Code:Once the buffer is established, _fillbuf calls read to fill it,
sets the count and pointers, and returns the character
at the beginning of the buffer. Subsequent calls to _fillbuf
will find a buffer allocated.
#include "syscalls.h"
/* _fillbuf: allocate and fill input buffer */
int _fillbuf(FILE *fp)
{
int bufsize;
if ((fp->flag&(_READ|_EOF_ERR)) != _READ)
return EOF;
bufsize = (fp->flag & _UNBUF) ? 1 : BUFSIZ;
if (fp->base == NULL) /* no buffer yet */
if ((fp->base = (char *) malloc(bufsize)) == NULL)
return EOF; /* can't get buffer */
fp->ptr = fp->base;
fp->cnt = read(fp->fd, fp->ptr, bufsize);
if (--fp->cnt < 0) {
if (fp->cnt == -1)
fp->flag |= _EOF;
else
fp->flag |= _ERR;
fp->cnt = 0;
return EOF;
}
return (unsigned char) *fp->ptr++;
}
The only remaining loose end is how everything gets
started. The array _iob must be defined and initialized
for stdin, stdout and stderr:
FILE _iob[OPEN_MAX] = { /* stdin, stdout, stderr */
{ 0, (char *) 0, (char *) 0, _READ, 0 },
{ 0, (char *) 0, (char *) 0, _WRITE, 1 },
{ 0, (char *) 0, (char *) 0, _WRITE, | _UNBUF, 2 }
};
I believe the second bolded spot you have is a typo. You seem to have added a comma after _WRITE, which shouldn't be there. Try and compile that and you'll find out what I mean.
What you're seeing here is the bitwise OR operator. For a full explanation, consider reading this FAQ entry.
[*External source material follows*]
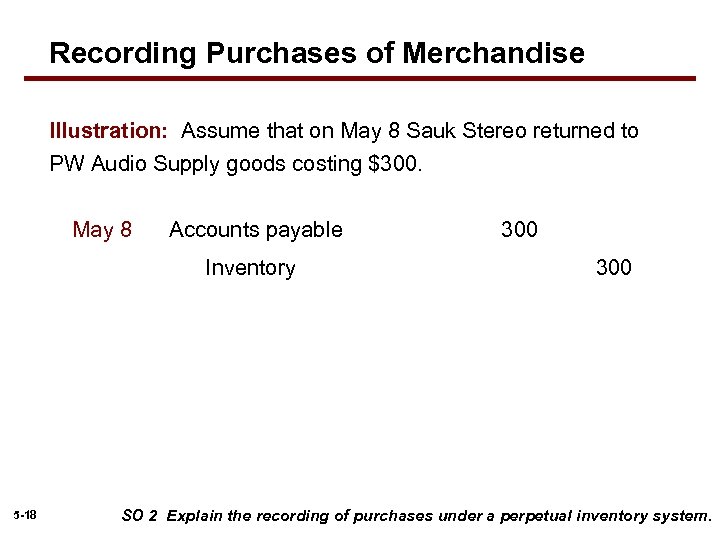 Recording Purchases of Merchandise Illustration: Assume that on May 8 Sauk Stereo returned to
Basicly it's OR-ing two values on a bit by bit basis, giving you a resulting value which has all set bits of both values combine.
Quzah.
basically _WRITE and _UNBUF are, more than likely, macros #defined somewhere. whatever their values are, they are bitwise OR'd together; _WRITE | _UNBUF.
if _WRITE = 00000001
and _UNBUF = 00000010
then (to my knowledge) ORing them will result
00000011
Read up on bitwise operations.
thanks for replys from you both.
I know some about bitwise, and here what that confuses me is whether a "|" has been missed by typo.
and yes, they've been defined before being used.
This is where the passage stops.